Map Reduce - is another processing paradigm that can sometimes appear very similar to MPP. It also breaks down large amounts of data into smaller batches, and then processes them over multiple nodes. However, while Map Reduce and MPP appear similar, there are some distinct differences. In general, Map Reduce is done on commodity hardware, whereas MPP tends to be done on more expensive hardware. MPP also tends to refer to SQL-based query computations, while MapReduce is generally more of a design paradigm most famously implemented in Java.
Data Warehouses
The concept of data warehouses has been around for decades. The purpose of data warehouses is to provide analysts and end-users data which tracks historical information and is integrated with multiple data sources.
A data warehouse is a central repository of information that can be analyzed to make more informed decisions. Data flows into a data warehouse from transactional systems, relational databases and other sources, typically on a regular cadence. Business analysts, data engineers, data scientists, and decision makers access the data through business intelligence (BI) tools, SQL clients, and other analytics applications.
Data Lakes
The term ‘data lake’ was coined around 2010. Data lakes became popular because they offer a solution to the rapidly increasing size and complexity of data. As defined by TechTarget:
A data lake is a storage repository that holds a vast amount of raw data in its native format until it is needed for analytics applications.

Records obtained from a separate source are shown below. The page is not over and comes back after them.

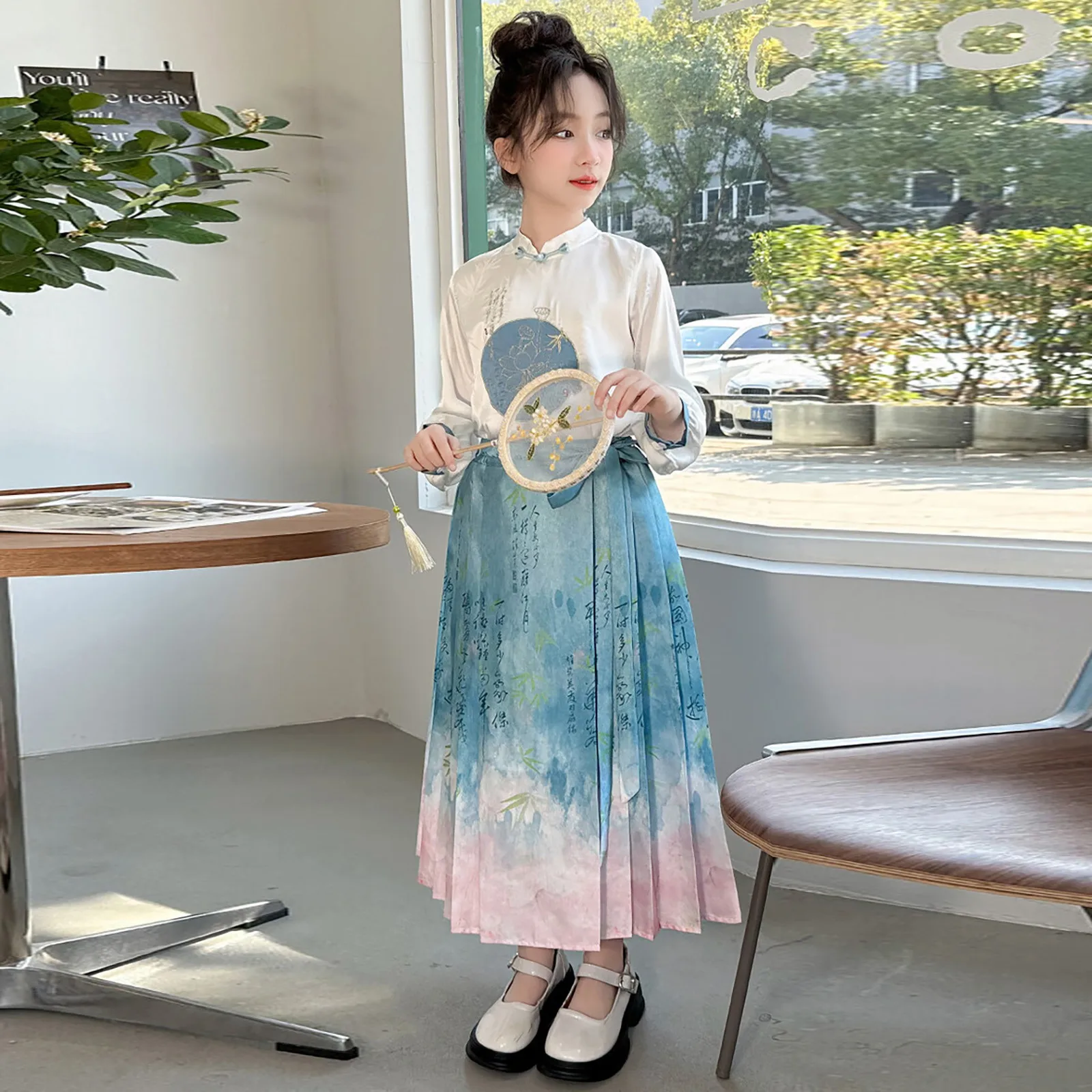 2024 New Arrival Vintage Hanfu Horse-face Skirt Kids Chinese Tradition Pleats Skirt Sets 2024 New Year Clothes Girls Streetwear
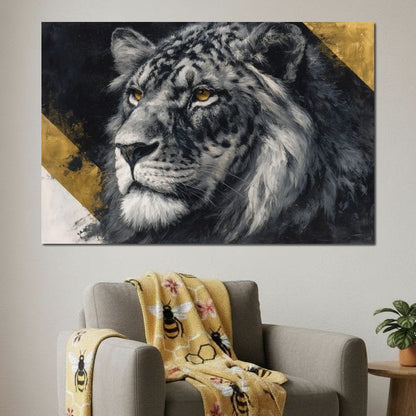 Golden Eyed Lion King Canvas Wall Art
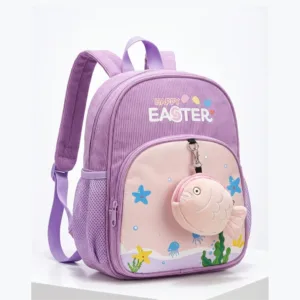 Mochila Easter infantil de color morado diseño mundo submarino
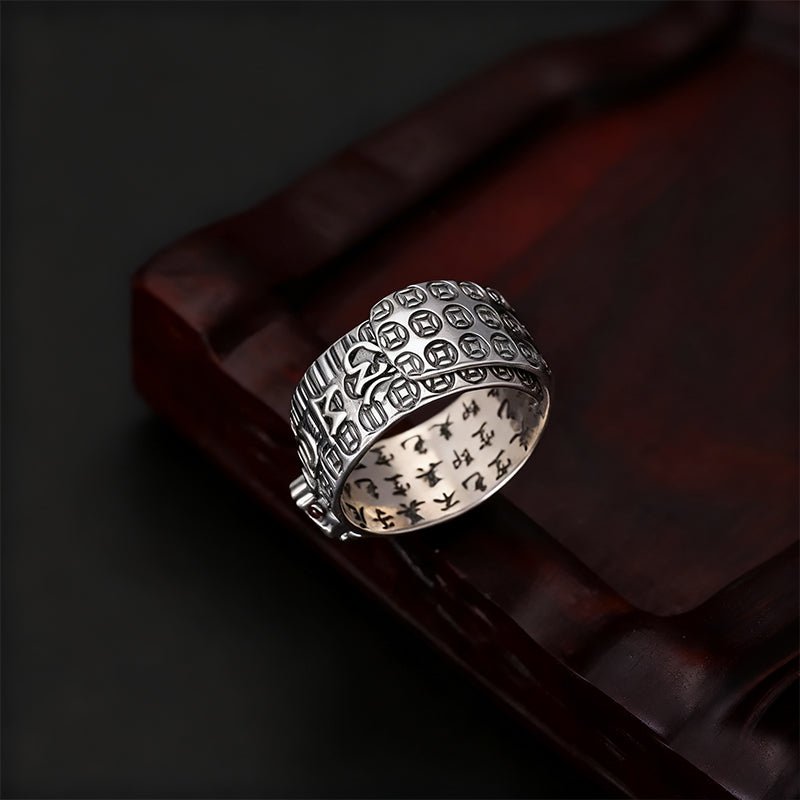 Garnet Ring - Pixiu & Heart Sutra - Tibet Art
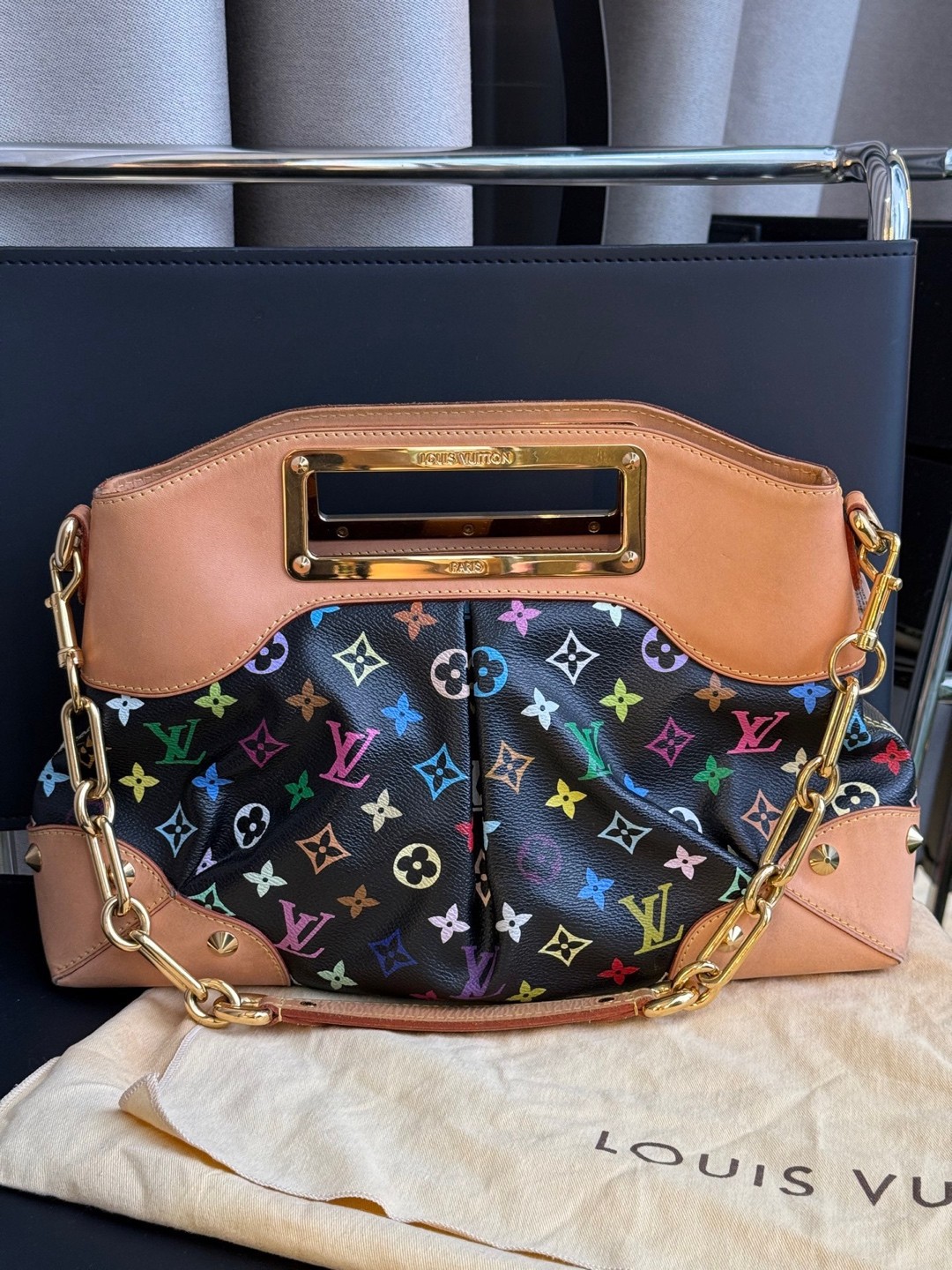 LOUIS VUITTON Takashi Murakami Black Multicolore Judy Shoulder Bag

In addition, data lakes often provide a cheaper option in terms of data storage and computation, since they are often developed on cheaper hardware. In contrast, data warehouses are highly structured and often run on expensive hardware.
Data lakes provide the ability to store data which can have nearly no structure whatsoever, relying on the end-user to provide the schema on-read. What data lakes look like has changed rapidly from the days of Hadoop, as solutions like Delta lake are providing a very different approach to data lakes.
Data Lake Houses
Data lake houses has been a popular term recently, spearheaded by Databricks. The purpose of this paradigm is to balance the benefits of a data warehouse and data lake into a single solution.
For example, data lake houses should provide ACID (Atomicity, Consistency, Isolation, and Durability) transactions like a data warehouse while balancing the flexibility and scale of a data lake.
3. Why data engineering is becoming more important
Data has grown in size, speed and complexity. Over the past decade, the complexity of data has vastly increased.